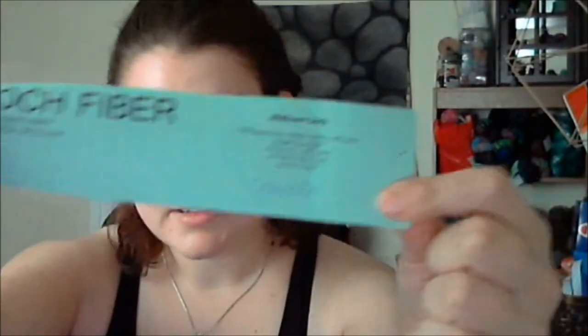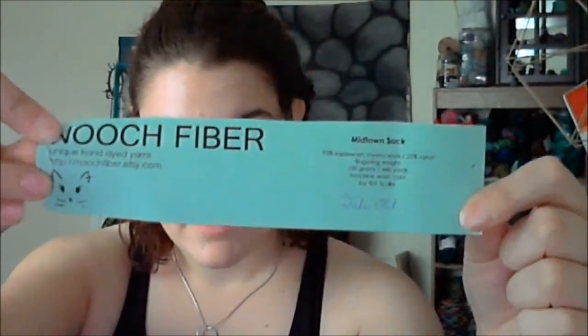I'm using Nooch Fiber in Midtown Sock, colorway Fade Out, as my main color — it's a variegated. My first contrast color is Sensations Truly in Truly Turquoise, and my second contrast color is Premier Serenity Sock in Charcoal. I'm using US size 4, 3.5 millimeter needles.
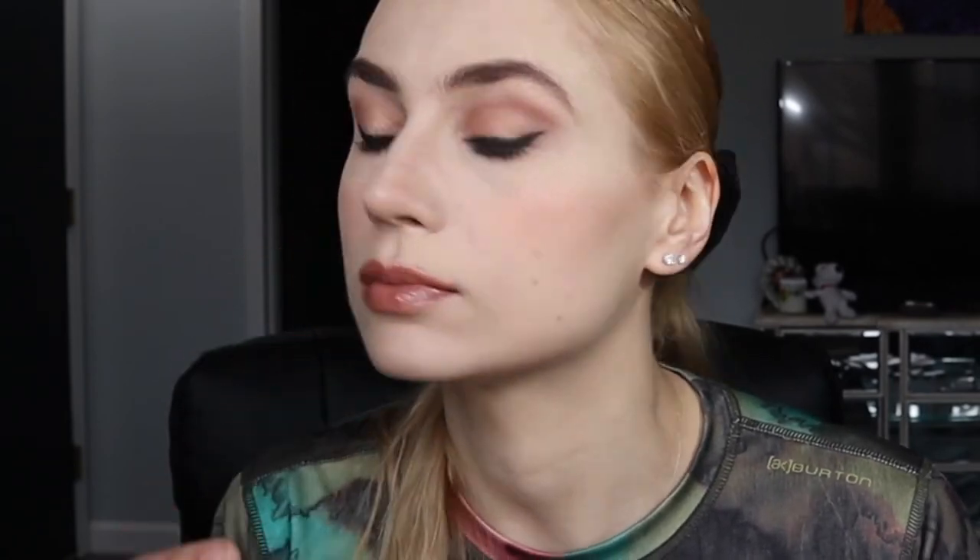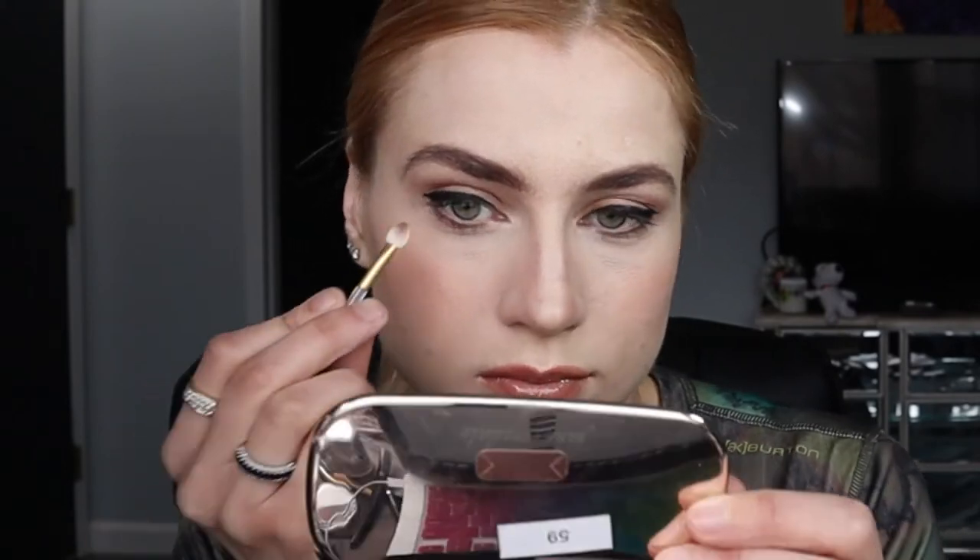I'm doing some more blush along the apples of the cheeks. Then we have some highlight under the brows — make sure you blend it good.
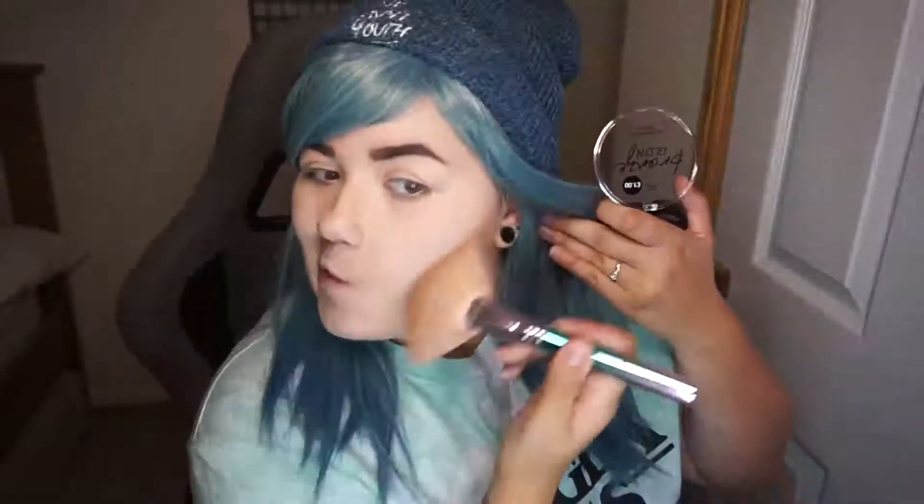Next I'm going in with the PS Bronze Glow Bronzer in the shade Fearless, so hopefully this can bring some life and warmth back to my face because I look like a ghost. I'm going to use my fan brush to start with it as a contour and then use it to bronze up the rest of my face. It's quite a warm color — not really what you'd want to contour with, but it's doing the job and bringing some life back.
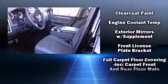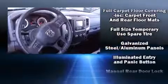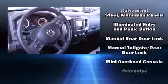Top features include cruise control, delay-off headlights, one-touch window functionality, a tachometer, variably intermittent wipers, a rear-step bumper, remote keyless entry, and more.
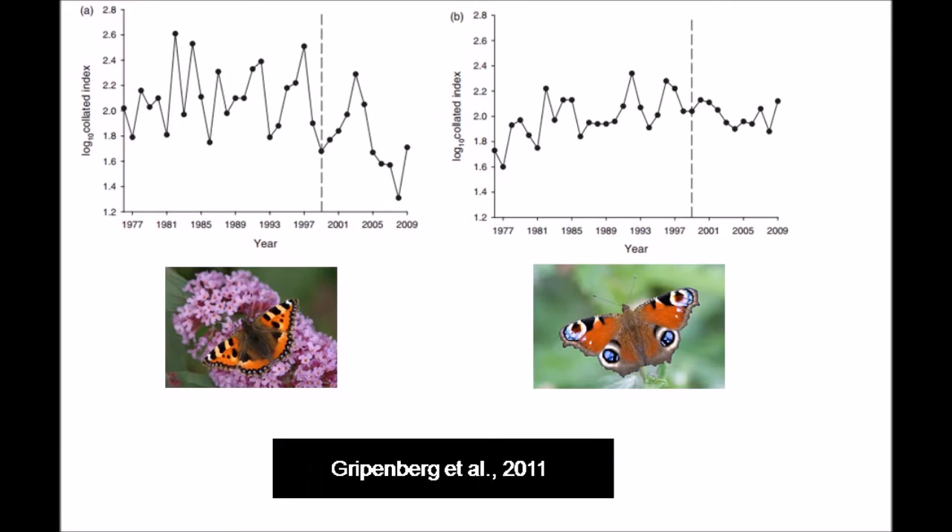Do we have any data actually showing a decline? We do. If we look at Gripenberg's data, which should be up right now — this is transect data from the UK Butterfly Monitoring Scheme used to make these graphs — on the left we have the small tortoiseshell butterfly and on the right we have the peacock as a control. The peacock butterfly is usually used as a control in all these methods. The peacock, although showing a small decline after 1999, is stable, as statistically shown.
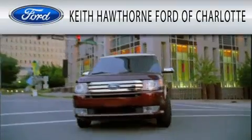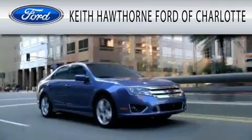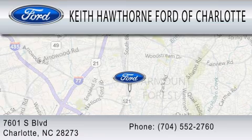Keith Hawthorne Ford of Charlotte is dedicated to doing everything possible to ensure that the experience you have selecting your next vehicle is as pleasant as possible. We are located at 7601 South Boulevard in Charlotte.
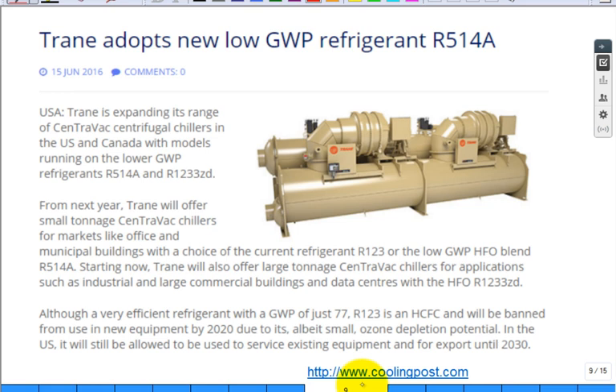Different companies have different schemes for mechanical refrigeration. This is a big chiller made by Trane — they're using this or that refrigerant. The point is, they're advertising a lower global warming potential. This is just from some trade magazine, and you'll see that engineers are doing work developing and optimizing chillers based on the refrigerants they use.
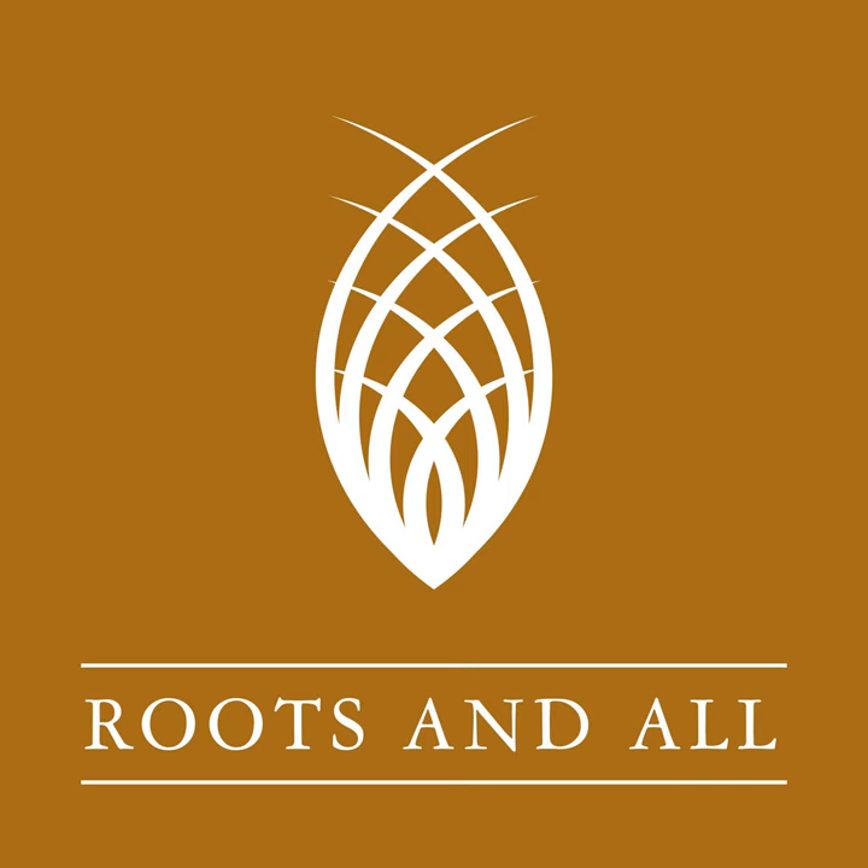I'm Sarah Wilson and you're listening to the Roots and All podcast. I'm here to help you get growing. Join me as I explore everything plant-related both indoors and out and provide the information you need to create your perfect green environment.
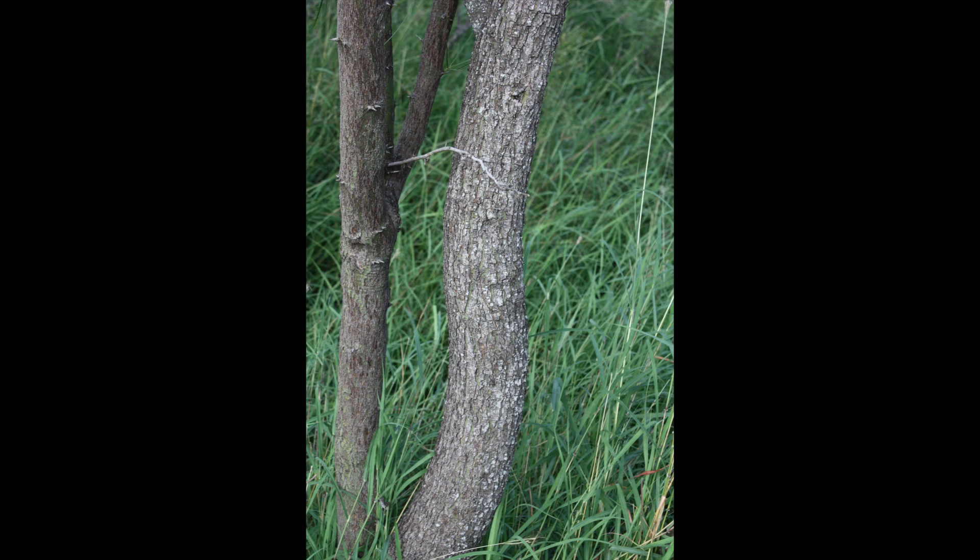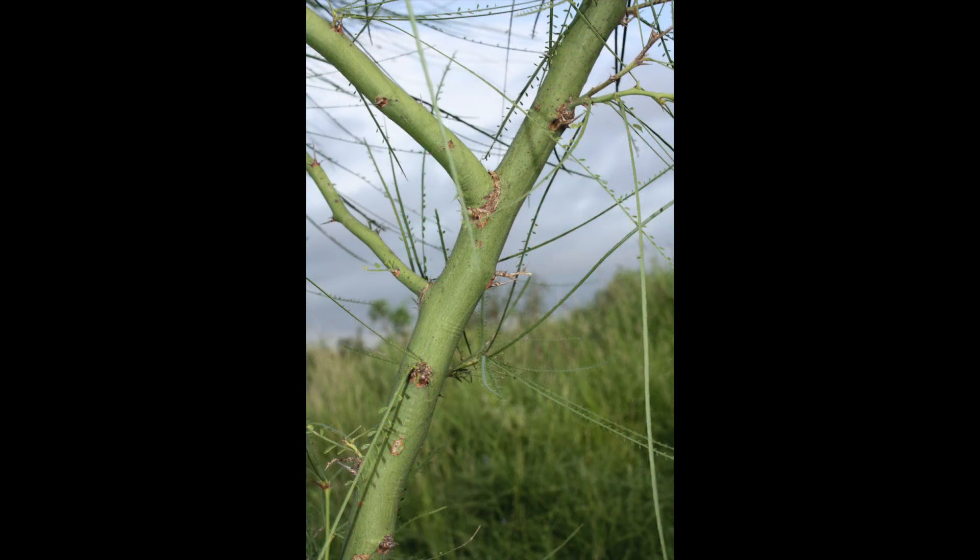Mature plants have thin gray bark while immature plants have smooth green trunks. Whitetail bucks love to rub their antlers on the younger more flexible trunks, so having scarred upper Ritama trunks typically results from having a good buck age structure.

Task: Leave the pictures out and return the rest of the listing exactly.

Task output:
I'm using Nooch Fiber in Midtown Sock, colorway Fade Out, as my main color — it's a variegated. My first contrast color is Sensations Truly in Truly Turquoise, and my second contrast color is Premier Serenity Sock in Charcoal. I'm using US size 4, 3.5 millimeter needles.
I'm doing some more blush along the apples of the cheeks. Then we have some highlight under the brows — make sure you blend it good.
Next I'm going in with the PS Bronze Glow Bronzer in the shade Fearless, so hopefully this can bring some life and warmth back to my face because I look like a ghost. I'm going to use my fan brush to start with it as a contour and then use it to bronze up the rest of my face. It's quite a warm color — not really what you'd want to contour with, but it's doing the job and bringing some life back.
Top features include cruise control, delay-off headlights, one-touch window functionality, a tachometer, variably intermittent wipers, a rear-step bumper, remote keyless entry, and more.
Do we have any data actually showing a decline? We do. If we look at Gripenberg's data, which should be up right now — this is transect data from the UK Butterfly Monitoring Scheme used to make these graphs — on the left we have the small tortoiseshell butterfly and on the right we have the peacock as a control. The peacock butterfly is usually used as a control in all these methods. The peacock, although showing a small decline after 1999, is stable, as statistically shown.
Keith Hawthorne Ford of Charlotte is dedicated to doing everything possible to ensure that the experience you have selecting your next vehicle is as pleasant as possible. We are located at 7601 South Boulevard in Charlotte.
Different companies have different schemes for mechanical refrigeration. This is a big chiller made by Trane — they're using this or that refrigerant. The point is, they're advertising a lower global warming potential. This is just from some trade magazine, and you'll see that engineers are doing work developing and optimizing chillers based on the refrigerants they use.
I'm Sarah Wilson and you're listening to the Roots and All podcast. I'm here to help you get growing. Join me as I explore everything plant-related both indoors and out and provide the information you need to create your perfect green environment.
Mature plants have thin gray bark while immature plants have smooth green trunks. Whitetail bucks love to rub their antlers on the younger more flexible trunks, so having scarred upper Ritama trunks typically results from having a good buck age structure.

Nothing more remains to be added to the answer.